Malgré tout, l'individu ne peut totalement s'en
passer. Il est constater que le mariage coutumier
joue un rôle d'intégration sociale des individus.
Il est "la contribution d'un contrat entre deux
(02) personnes de sexes différents créant entre
elles une société de vie, des droits et des devoirs
réciproques , et d'un contrat entre parentés, rendant
cette union opposable aux groupes, lui assurant
leur appui et légitimant les enfants".
Il en résulte l'établissement
d'un contrat entre deux (02)lignages qui l'emporte souvent
plus sur les consentements des individus. La présente
étude permet de présenter des formes de mariage traditionnel
dans des zones sociaux-culturelles du Burkina Faso.

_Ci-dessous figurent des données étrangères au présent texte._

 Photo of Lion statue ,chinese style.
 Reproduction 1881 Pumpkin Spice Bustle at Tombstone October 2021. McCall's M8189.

Chez les Moosé (ethnie majoritaire
au Burkina Faso), en plus du droit détenu par l'aîné
ou le chef de famille de donner une fille en mariage
le buud-kasma, on distingue d'autres manières de se
procurer une femme. En effet, du " Pog- kûuni" ou
dotation des femmes à titre gratuit, de gratitude
ou à titre onéreux, du "Pog-siure" ou dotation avec
profit inaltérable, du "Zân -boko"ou dotation fortuite
ou encore du "Pog-rikré", la femmes est une objet
d'échange entre clans. Elle est donnée au plus offrant
à un mari qu'elle n'à pas choisi ou même qu'elle ne
connaît pas. Il en est de même chez les Peuhl à travers
"Cnapawal", chez les Gourmantché "O po paabu" , chez
les Bobo "Pri-dala", chez les Lobi "Tikoun ker", chez
les Dagara " Pouré poya deb", chez les dioula " Lamogoya
-furu". Dans tous ces cas, la femme est donnée dans
un soi-disant respect des traditions ; respect de
tradition par les hommes mais mariage forcé pour les
femmes. En effet, ce concept de mariage forcé s'insère
avant tout dans un système de valeurs sociaux-culturelles
de croyances profondes voire d'une mythologie. Des
traditionalistes aux conservateurs en passant par
les générations influencées et les jeunes, la terminologie
de mariage forcé connaît une justification selon les
contextes. En effet pour certains, ce don de femmes
est un héritage culturel qui a ses vertus d'entretenir
une cohésion sociale et de minimiser les dépravations
de mœurs chez les jeunes. Pour d'autres par contre,
ce don de femmes s'identifie à un mariage forcé étant
l'absence de consentement.
Depuis les indépendances, il
est constaté une régression du phénomène du mariage
forcé. Mais cette régression n'est qu'apparente car
il sévit toujours et continue à faire des victimes.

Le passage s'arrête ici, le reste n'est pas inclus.